I have the following function that I want to execu...
# questions
a
I have the following function that I want to execute within an isolated pipeline (data refresh pipeline). It's not supposed to have any input or output because its purpose is to execute a stored procedure that refreshes the database before I can use SQL queries to fetch the updated tables. Therefore, I intend to create a node without any specified input or output. However, I encountered difficulties in running the node without any input (set to
None
) and output (also set to
None
). As a workaround, I have set a DataFrame as both the input and output, although as you can see, these dataframes are not being used at all. Any best practices or tips on this kind of node?
Copy code
def exec_test(companies: pd.DataFrame) -> pd.DataFrame:
    companies_dummy = companies
    try:
        db_connection = connect_to_database()

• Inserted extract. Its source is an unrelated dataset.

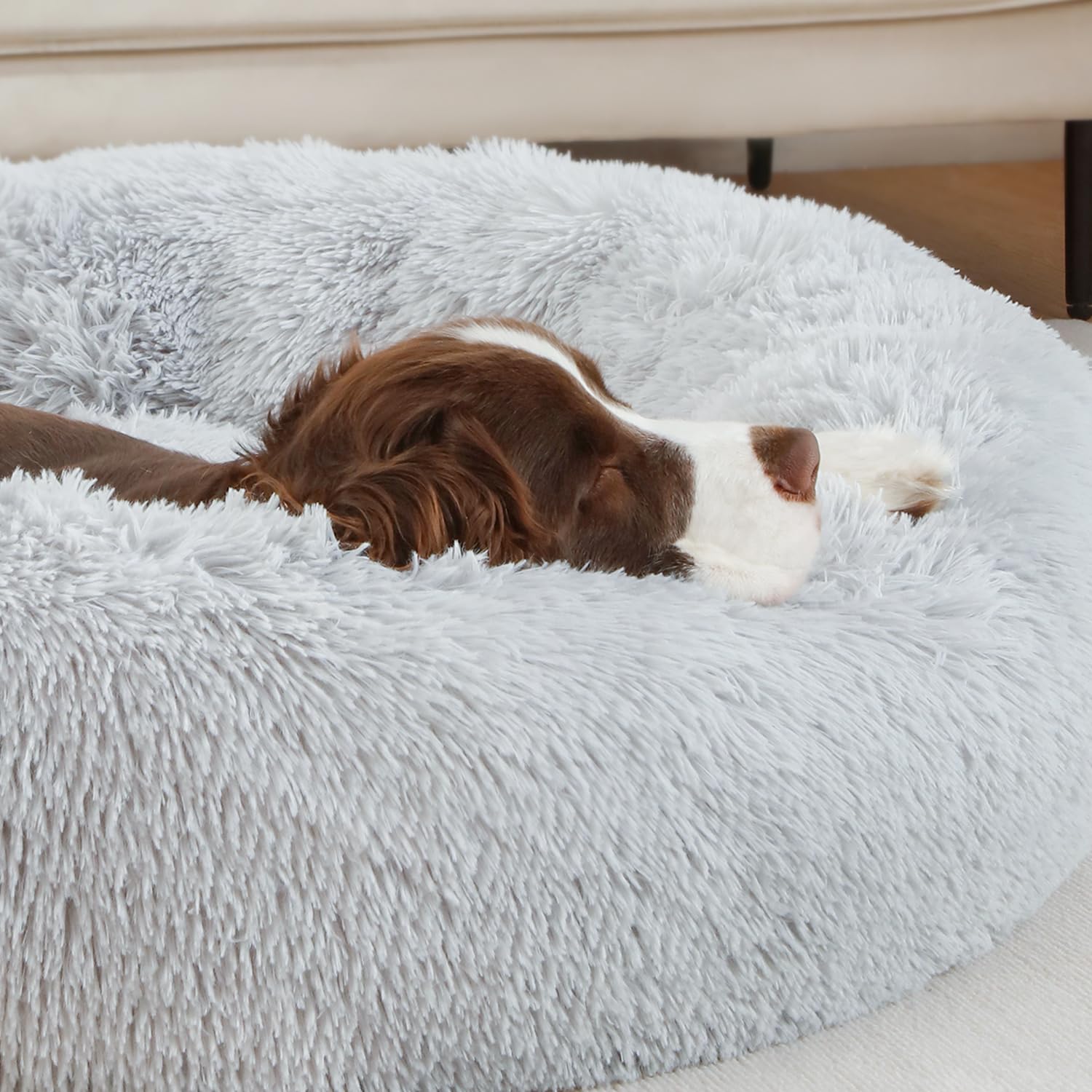 ELSKER&HOME Calming Dog Bed,Donut Washable Warming Soft Round 39 inches Dog Beds for Large Dogs,Anti-Anxiety Fluffy Plush Cushion Bed Fits up to 120 lbs Pets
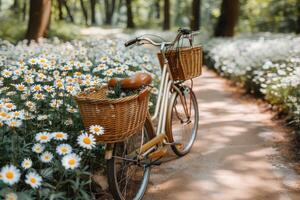 ai généré bicyclette balade par le campagne avec une fleurs dans le bicyclette panier professionnel la photographie photo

        print("Executing SP")
        # execute the stored procedure
        db_connection.execute(
            "EXEC spUpdateData '20230601' 'parameter2' 'parameter3' 'etc' ")
        db_connection.close()
        print("SP completed")
    except Exception as e:
        # print error
        print(f"Database connection error: {str(e)}")
    return companies_dummy
n
Either dummy input output or you can use a hook to make sure it execute before the pipeline run or a specific node
K 1
a
Alright, I'll explore the hook concept